** Opening PROVIDED INFORMATION block **

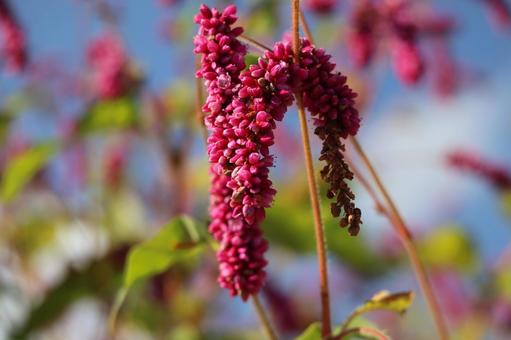 赤いオオケダケの花のアップ 赤いオオケダケの花のアップの写真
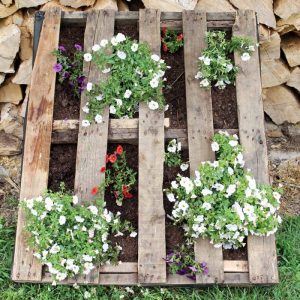 pallet with flowers planted inside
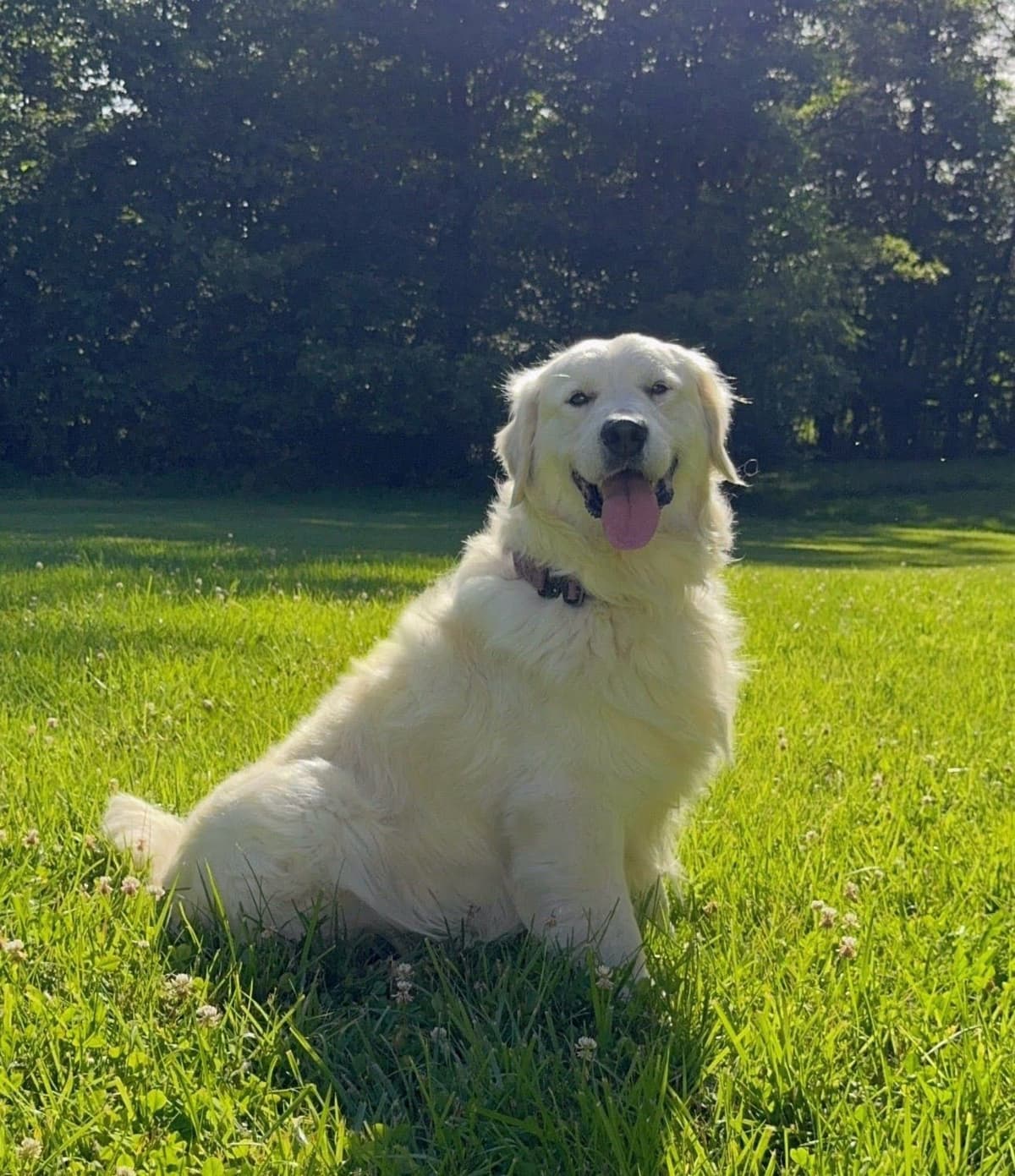 Champion Bloodline English Golden Retriever Puppies breeder image 6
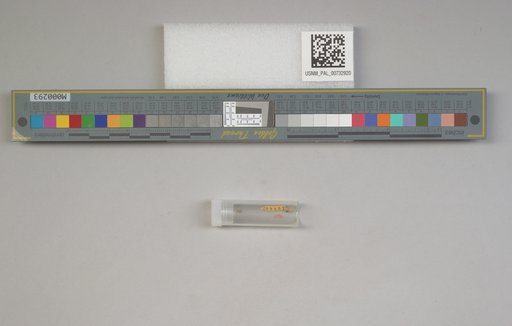 NSF ADBC EPICC TCN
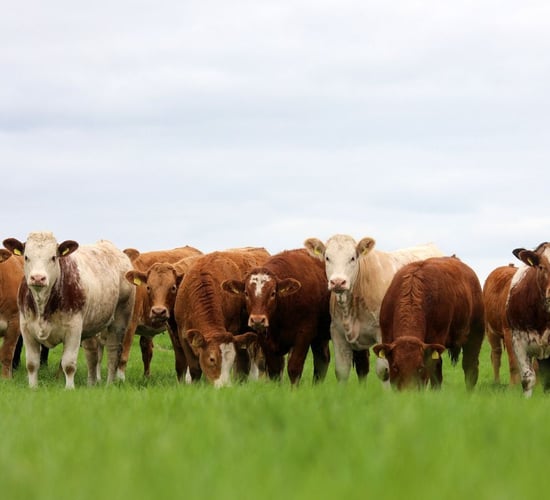 Tateetra and Rathmore Farms' 3rd annual heifer sale this Friday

** Closing PROVIDED INFORMATION block **

With pictures omitted, restate exactly every line from the one containing "Champion Bloodline English" through the last line of the material, inclusive.

 Champion Bloodline English Golden Retriever Puppies breeder image 6
 NSF ADBC EPICC TCN
 Tateetra and Rathmore Farms' 3rd annual heifer sale this Friday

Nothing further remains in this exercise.